→ **PROBLEM**: Only one stretch of the records below should be repeated. It starts with the line containing "Smart Silver /" and goes on through the line containing "printfashion Alkoss csodás", exactly as written.

→ **DATA SUPPLIED**:
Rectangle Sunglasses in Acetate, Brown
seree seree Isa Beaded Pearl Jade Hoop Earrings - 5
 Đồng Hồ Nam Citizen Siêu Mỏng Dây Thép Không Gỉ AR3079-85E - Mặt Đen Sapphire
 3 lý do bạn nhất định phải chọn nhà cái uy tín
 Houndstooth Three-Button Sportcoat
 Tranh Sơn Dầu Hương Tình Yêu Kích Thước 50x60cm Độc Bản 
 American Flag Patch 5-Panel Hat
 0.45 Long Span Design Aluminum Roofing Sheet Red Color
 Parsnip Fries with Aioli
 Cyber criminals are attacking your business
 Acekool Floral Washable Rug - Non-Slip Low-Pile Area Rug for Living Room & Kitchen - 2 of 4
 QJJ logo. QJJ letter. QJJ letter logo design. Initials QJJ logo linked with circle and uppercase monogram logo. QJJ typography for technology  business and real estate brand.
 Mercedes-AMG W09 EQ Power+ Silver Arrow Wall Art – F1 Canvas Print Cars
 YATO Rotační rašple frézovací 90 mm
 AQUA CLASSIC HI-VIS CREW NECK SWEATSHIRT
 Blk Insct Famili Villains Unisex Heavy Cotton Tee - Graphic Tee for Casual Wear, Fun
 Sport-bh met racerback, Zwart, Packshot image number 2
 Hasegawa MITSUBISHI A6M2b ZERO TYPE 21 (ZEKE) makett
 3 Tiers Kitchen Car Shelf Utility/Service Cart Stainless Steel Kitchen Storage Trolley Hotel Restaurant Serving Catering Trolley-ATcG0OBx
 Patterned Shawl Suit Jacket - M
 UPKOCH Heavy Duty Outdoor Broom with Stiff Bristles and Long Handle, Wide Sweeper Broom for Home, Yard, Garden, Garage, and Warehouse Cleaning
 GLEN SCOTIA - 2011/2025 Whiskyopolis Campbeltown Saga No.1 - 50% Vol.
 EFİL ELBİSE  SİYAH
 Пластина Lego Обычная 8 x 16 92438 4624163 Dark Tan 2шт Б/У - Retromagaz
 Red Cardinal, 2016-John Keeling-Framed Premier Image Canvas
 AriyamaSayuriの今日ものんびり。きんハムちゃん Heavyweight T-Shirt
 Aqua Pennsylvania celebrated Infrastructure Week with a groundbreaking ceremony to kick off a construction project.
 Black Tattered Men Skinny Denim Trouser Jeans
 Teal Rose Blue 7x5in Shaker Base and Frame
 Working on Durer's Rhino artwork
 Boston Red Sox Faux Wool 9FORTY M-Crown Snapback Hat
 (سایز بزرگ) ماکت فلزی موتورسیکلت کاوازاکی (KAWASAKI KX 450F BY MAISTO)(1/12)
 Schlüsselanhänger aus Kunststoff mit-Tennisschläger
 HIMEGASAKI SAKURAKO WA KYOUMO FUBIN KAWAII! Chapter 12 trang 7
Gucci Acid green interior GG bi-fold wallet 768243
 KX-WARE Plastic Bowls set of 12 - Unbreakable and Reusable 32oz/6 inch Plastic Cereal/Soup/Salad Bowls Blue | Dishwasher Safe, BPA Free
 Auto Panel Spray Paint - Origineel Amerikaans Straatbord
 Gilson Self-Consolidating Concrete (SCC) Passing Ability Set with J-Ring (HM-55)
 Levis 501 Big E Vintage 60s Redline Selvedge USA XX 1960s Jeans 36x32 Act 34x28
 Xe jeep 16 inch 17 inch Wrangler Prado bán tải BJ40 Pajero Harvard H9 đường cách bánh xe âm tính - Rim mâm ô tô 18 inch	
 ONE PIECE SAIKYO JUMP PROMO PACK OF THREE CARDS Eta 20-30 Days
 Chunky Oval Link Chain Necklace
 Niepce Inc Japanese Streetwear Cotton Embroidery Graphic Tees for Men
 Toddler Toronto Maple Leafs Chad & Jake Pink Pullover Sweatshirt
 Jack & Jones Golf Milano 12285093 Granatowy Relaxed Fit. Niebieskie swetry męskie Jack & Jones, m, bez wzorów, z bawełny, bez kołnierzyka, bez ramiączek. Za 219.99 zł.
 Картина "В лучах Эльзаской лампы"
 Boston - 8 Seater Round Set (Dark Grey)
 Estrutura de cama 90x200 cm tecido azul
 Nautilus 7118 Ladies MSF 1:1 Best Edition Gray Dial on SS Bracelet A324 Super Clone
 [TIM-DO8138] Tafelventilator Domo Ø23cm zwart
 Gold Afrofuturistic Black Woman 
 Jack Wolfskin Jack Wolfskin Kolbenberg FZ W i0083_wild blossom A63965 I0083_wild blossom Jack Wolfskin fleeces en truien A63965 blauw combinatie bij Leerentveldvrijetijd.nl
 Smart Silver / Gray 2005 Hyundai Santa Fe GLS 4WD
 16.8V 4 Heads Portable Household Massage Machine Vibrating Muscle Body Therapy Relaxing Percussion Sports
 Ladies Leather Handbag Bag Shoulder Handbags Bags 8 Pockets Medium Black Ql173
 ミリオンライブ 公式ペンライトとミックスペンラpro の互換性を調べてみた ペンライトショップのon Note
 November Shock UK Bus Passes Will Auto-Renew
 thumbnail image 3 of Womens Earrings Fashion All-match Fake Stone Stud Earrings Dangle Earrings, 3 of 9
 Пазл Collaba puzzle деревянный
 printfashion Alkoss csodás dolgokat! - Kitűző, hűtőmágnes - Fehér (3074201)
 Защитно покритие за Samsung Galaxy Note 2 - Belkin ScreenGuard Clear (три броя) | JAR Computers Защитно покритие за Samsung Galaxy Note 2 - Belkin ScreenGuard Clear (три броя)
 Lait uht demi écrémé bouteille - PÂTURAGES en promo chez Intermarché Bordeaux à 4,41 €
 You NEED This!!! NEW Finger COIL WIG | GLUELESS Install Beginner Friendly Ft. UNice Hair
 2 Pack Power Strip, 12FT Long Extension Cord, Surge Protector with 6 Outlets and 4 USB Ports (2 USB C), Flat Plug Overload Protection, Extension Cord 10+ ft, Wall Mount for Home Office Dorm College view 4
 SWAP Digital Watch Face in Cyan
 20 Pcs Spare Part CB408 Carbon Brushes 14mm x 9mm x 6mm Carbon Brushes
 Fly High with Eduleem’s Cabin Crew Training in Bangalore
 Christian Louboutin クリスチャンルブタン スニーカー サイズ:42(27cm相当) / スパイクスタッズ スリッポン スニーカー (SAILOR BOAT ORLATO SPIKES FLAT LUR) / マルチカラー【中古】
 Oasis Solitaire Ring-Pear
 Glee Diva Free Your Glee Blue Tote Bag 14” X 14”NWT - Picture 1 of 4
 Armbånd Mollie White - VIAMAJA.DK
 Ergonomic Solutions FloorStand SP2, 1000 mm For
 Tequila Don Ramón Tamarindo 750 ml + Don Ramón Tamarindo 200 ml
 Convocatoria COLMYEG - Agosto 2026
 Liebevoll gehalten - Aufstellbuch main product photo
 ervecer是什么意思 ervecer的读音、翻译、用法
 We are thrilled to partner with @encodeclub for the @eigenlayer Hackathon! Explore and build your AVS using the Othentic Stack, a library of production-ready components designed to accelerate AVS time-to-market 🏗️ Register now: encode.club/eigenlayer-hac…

→ **SOLUTION BELOW**:
 Smart Silver / Gray 2005 Hyundai Santa Fe GLS 4WD
 16.8V 4 Heads Portable Household Massage Machine Vibrating Muscle Body Therapy Relaxing Percussion Sports
 Ladies Leather Handbag Bag Shoulder Handbags Bags 8 Pockets Medium Black Ql173
 ミリオンライブ 公式ペンライトとミックスペンラpro の互換性を調べてみた ペンライトショップのon Note
 November Shock UK Bus Passes Will Auto-Renew
 thumbnail image 3 of Womens Earrings Fashion All-match Fake Stone Stud Earrings Dangle Earrings, 3 of 9
 Пазл Collaba puzzle деревянный
 printfashion Alkoss csodás dolgokat! - Kitűző, hűtőmágnes - Fehér (3074201)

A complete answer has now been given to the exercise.